SCS 1757   Oxford 3 1784
w Heard, Andrew H 1946 ½ - ½ Devane, Eoin 1786
b Bogoda, Sagara T 1892 1 - 0 Mate, Maria w 1818
w Lutton, J Arnold 1826 1 - 0 Zhang, Marco 1858
b Rajesh, Gorak 1610 ½ - ½ Langham, Rod E 1802
w Taylor, Adam C 1634 0 - 1 Foster, Chantelle L 1701
b Bogoda, Nathasha O w 1634 0 - 1 Henbest, Kevin B 1740
  3 - 3

A shortage of games here to report on, so we’ll need to watch out for the pgn file online in due course.

Mate — Bogoda (W)

Has made it to Playformator’s current file, and the game continuation was 15.Be3 Rc8 16.Ne2 Qxc2 17.Qxc2 Rxc2 when Black’s advantage was clear (0-1, 33). The perils of opening theory, and the Winawer in particular — it all looks so much like any other Winawer with Qg4-xg7-xh7-d3 that you can sometimes just pass over the play, without wondering why White didn’t simply retreat Be3-d2 on move 16. (And, of course, there could easily be a reason — in addition to the loss of face involved…)
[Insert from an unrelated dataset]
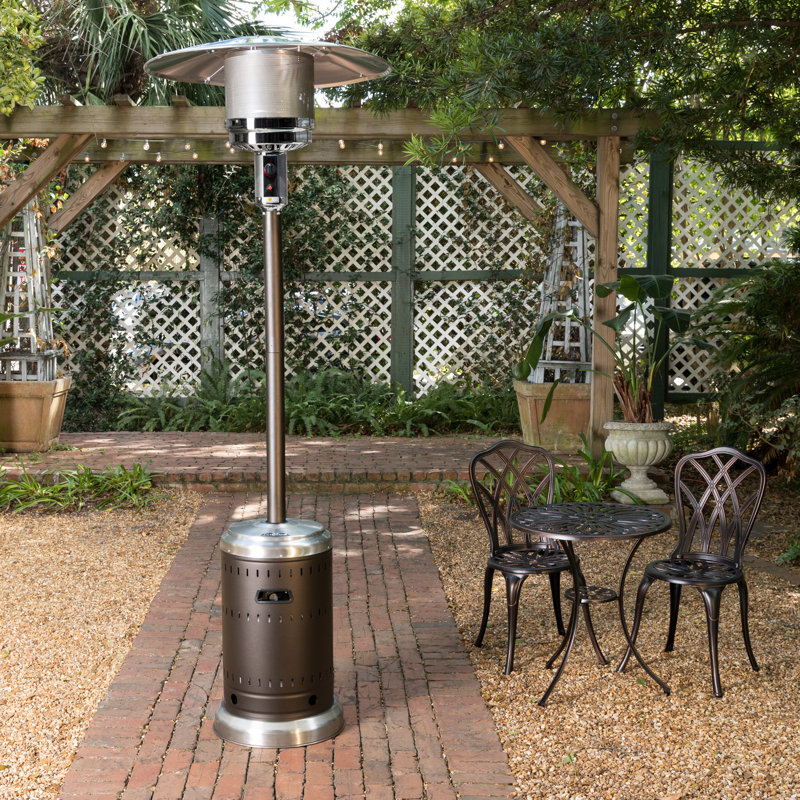 Fire Sense Patio Heater with Wheels 46,000 BTU Output Electronic Ignition System Propane Heater-aged chestnut, Aged Chestnut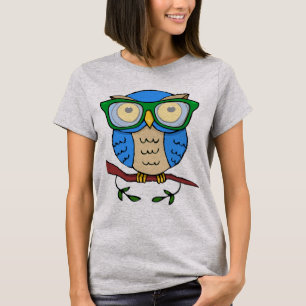 Camiseta Búho Lindo con Gafas Verdes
Kevin’s version of the French brought back that loss and restored match equality:

Henbest - Bogoda,N (W)

19.Bxf5 Bxf5 20.Nxf5 Qe8 21.Nd6 Qe7 22.Rg5 Rf8 23.Rdg1 Rxf4 24.Rxg6+ Kf8 25.Qh6+ 1-0

LanghamRajesh (B, 39)

While Rod found himself two pawns up at the end of the weekend and — finding no suitable way out of the bind he was in — agreed the draw, which confirmed the fourth draw of the weekend, on move 75.